The morale of Yana Suvorova, a journalist from temporarily occupied Melitopol (Zaporizhzhia Region), illegally convicted in russia, deteriorated when she learned that she would be sentenced in temporarily occupied Donetsk, and because she was kept in a cell with prisoners who had attempted suicide.
Yana’s boyfriend, Oleksandr Nikolaienko, told ZMINA about this in an interview.
“When it became clear that Yana would be transferred to Donetsk and sentenced, her morale plummeted. It was especially difficult to be in Donetsk: she found herself among girls who had already attempted suicide, and this psychological pressure had a great impact on her,” Oleksandr explains. He suggests this could have been a pressure tactic to obtain consent to cooperate.
After the verdict was announced in the russian Southern District Military Court, the girl was sent to Remand Prison 2 in Taganrog. It was in this pre-trial detention center that russian correctional officers tortured journalist Victoria Roshchina.
The conditions in this detention center are even worse, Nikolaienko says: a cold, unsanitary cell, rats or mice, and even worse treatment from the staff.

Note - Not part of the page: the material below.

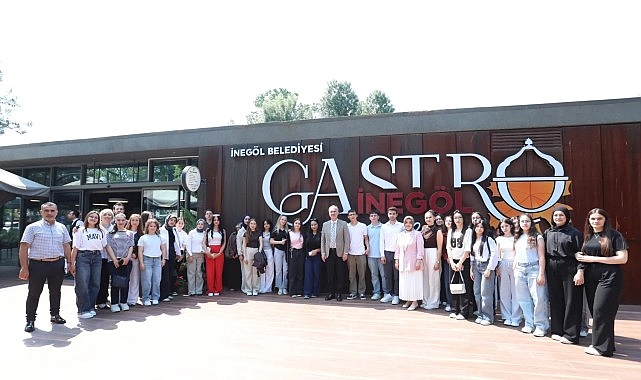 İnegöl Belediyesi Staj Programı: Öğrenciler Gastro İnegöl’de Buluştu ve Bursa 1326 Fetih Müzesi Gezisiyle Değerlendi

Yana Suvorova was imprisoned when she was 18. Russian security forces claimed that the girl had allegedly collected information about the military and law enforcement officers through a social media chat that she administered. According to the russian version, the collected data helped launch a missile strike on their units in the Zaporizhzhia Region in February 2023. On October 23, 2025, the Southern District Military Court of Rostov-on-Don (russia) sentenced Yana to 14 years in prison. The media personality was found guilty under articles of the russian criminal code: Organization of a terrorist group and participation in it, Terrorist act, and Espionage.